Given material =

[Start of section]

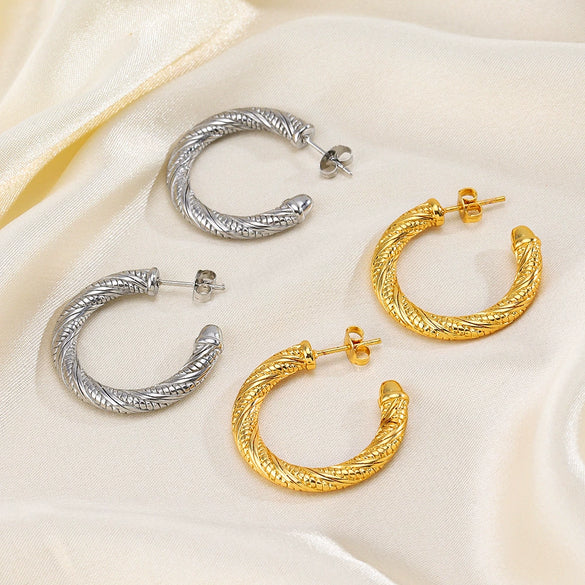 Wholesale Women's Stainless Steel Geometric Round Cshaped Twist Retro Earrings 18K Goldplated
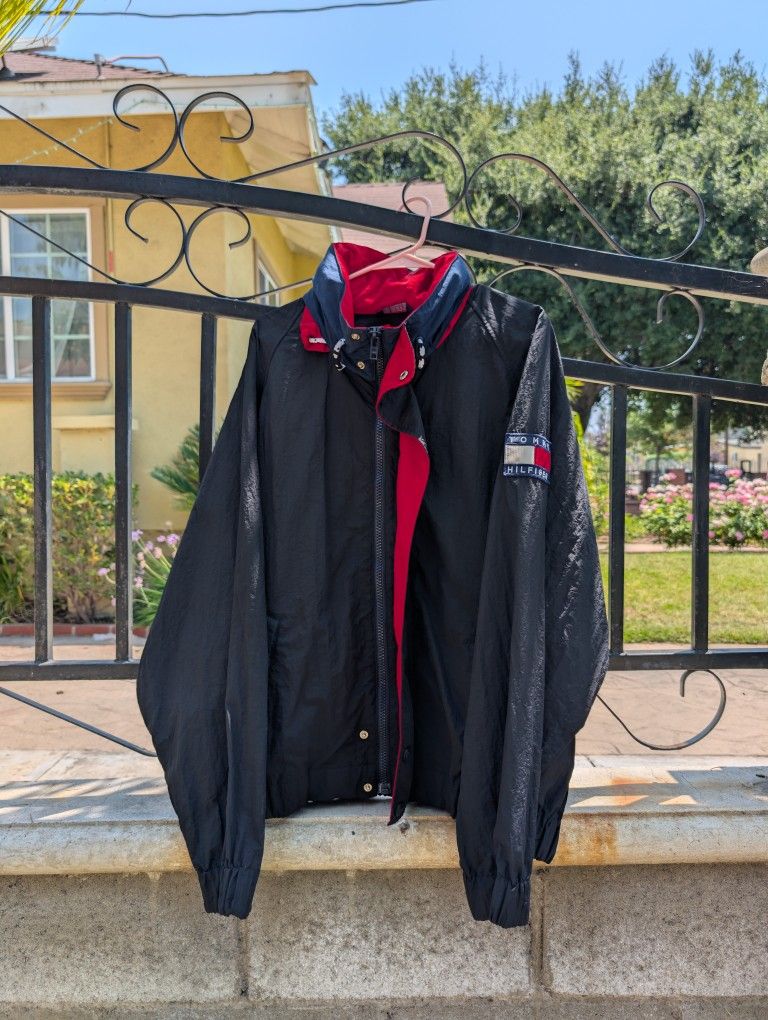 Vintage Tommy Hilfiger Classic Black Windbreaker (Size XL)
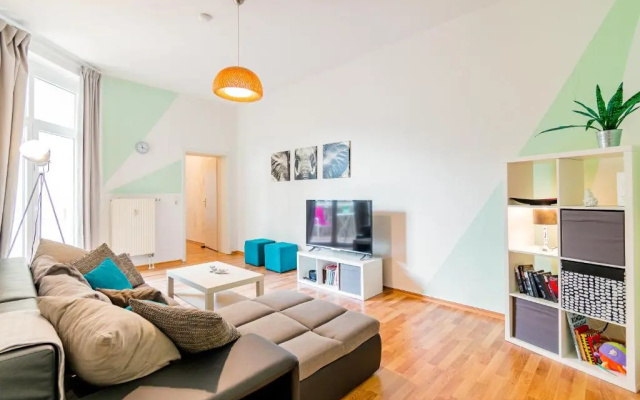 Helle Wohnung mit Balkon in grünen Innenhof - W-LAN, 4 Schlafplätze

[End of section]

What is needed is the full material, retyped unchanged, with no pictures in it.

Answer below =
 Wholesale Women's Stainless Steel Geometric Round Cshaped Twist Retro Earrings 18K Goldplated
 Vintage Tommy Hilfiger Classic Black Windbreaker (Size XL)
 Helle Wohnung mit Balkon in grünen Innenhof - W-LAN, 4 Schlafplätze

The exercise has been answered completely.